Distributions 10 | Distributional Derivative [dark version]

4 min read

Based on The Bright Side of Mathematics's video on YouTube. If you like this content, support the original creators by watching, liking and subscribing to their content.

TL;DR

Distributional derivatives are defined by transferring derivatives from a distribution T to a test function Φ using ⟨∂αT, Φ⟩ = (−1)|α|⟨T, ∂αΦ⟩.

Briefing

The core breakthrough is a definition of derivatives that works for every distribution, even when classical differentiation fails—by shifting derivatives onto test functions through integration by parts. Starting from a smooth function f, the usual derivative satisfies a duality identity: pairing the distribution associated with f′ against a test function Φ equals pairing the distribution associated with f against −Φ′. That calculation motivates the general rule: for any distribution T, its distributional derivative is defined so that ⟨∂αT, Φ⟩ = (−1)|α|⟨T, ∂αΦ⟩, where α is a multi-index and |α| counts how many partial derivatives occur. This definition guarantees the derivative exists in the space of distributions D′ without requiring any pointwise differentiability of T.
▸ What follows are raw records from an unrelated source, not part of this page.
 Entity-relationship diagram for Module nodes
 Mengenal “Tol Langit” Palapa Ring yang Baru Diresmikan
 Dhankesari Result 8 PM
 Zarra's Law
The practical payoff is twofold. First, the definition automatically produces a new distribution in D′ (linearity and continuity follow from the corresponding properties of T and the test-function space). Second, for regular distributions—those coming from sufficiently smooth functions—the distributional derivative matches the classical partial derivative. In other words, the distributional framework extends classical differentiation rather than replacing it: when T corresponds to a C∞ function, the two notions coincide.

The video then demonstrates why this matters by working two canonical examples. The first is the Heaviside step function H(x), which jumps from 0 to 1 at the origin and therefore has no classical derivative there. Using the distributional definition in one dimension, the pairing ⟨(d/dx)H, Φ⟩ becomes −∫ H(x)Φ′(x) dx. Because H(x)=0 for x<0 and H(x)=1 for x>0, the integral reduces to −∫0^a Φ′(x) dx, which evaluates to Φ(0) after choosing a large enough so that Φ(a)=0. Since Φ(0) is exactly how the Dirac delta distribution δ acts on test functions, the derivative of the Heaviside function is identified as δ.
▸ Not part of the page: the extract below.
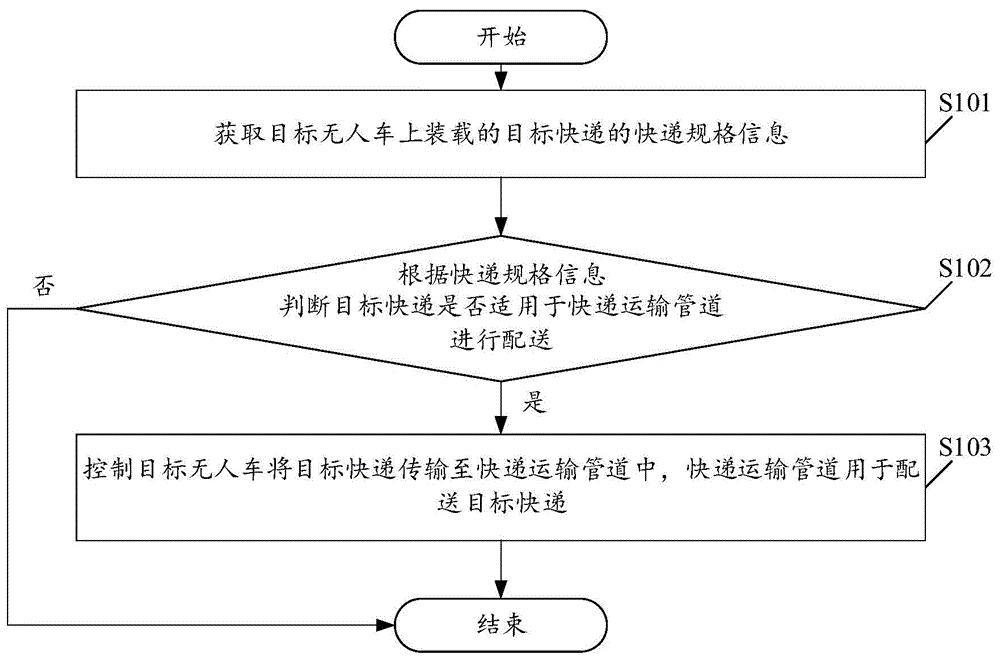 一种快递配送方法、装置及系统与流程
The second example starts with the Dirac delta distribution δ and differentiates it distributionally. Applying the same rule yields ⟨δ′, Φ⟩ = −⟨δ, Φ′⟩ = −Φ′(0). This shows a key trade-off: distributional derivatives always exist, but the result may stop being a regular distribution. Even though δ itself is not regular, its derivative δ′ is still perfectly well-defined as a distribution that acts by evaluating the derivative of the test function at the origin.

Overall, the message is that differentiation can be made universally well-defined in distribution theory by transferring derivatives from the potentially singular object to the smooth test functions, with the sign (−1)|α| tracking how many times integration by parts is performed.

Cornell Notes

Distributional derivatives are defined for every distribution T by moving derivatives onto test functions via integration by parts. For a multi-index α, the distributional partial derivative ∂αT is the unique distribution satisfying ⟨∂αT, Φ⟩ = (−1)|α|⟨T, ∂αΦ⟩ for all test functions Φ. This guarantees existence in D′ without needing classical differentiability of T. When T comes from a smooth (regular) function, the distributional derivative agrees with the classical partial derivative. The examples show the payoff: the derivative of the Heaviside step function is the Dirac delta, and differentiating δ produces a new (non-regular) distribution that acts by −Φ′(0).

Why does integration by parts lead to the sign (−1)|α| in the definition of distributional derivatives?

In the smooth case, pairing f′ with a test function Φ gives ∫ f′(x)Φ(x) dx. Integration by parts shifts the derivative from f′ to Φ and introduces a minus sign: ∫ f′Φ = −∫ fΦ′, with boundary terms vanishing because test functions have compact support (so Φ is zero at the endpoints). For higher-order partial derivatives, repeating this shift for each derivative contributes one minus sign per derivative, so the total factor becomes (−1)|α|, where |α| is the sum of the entries of the multi-index α.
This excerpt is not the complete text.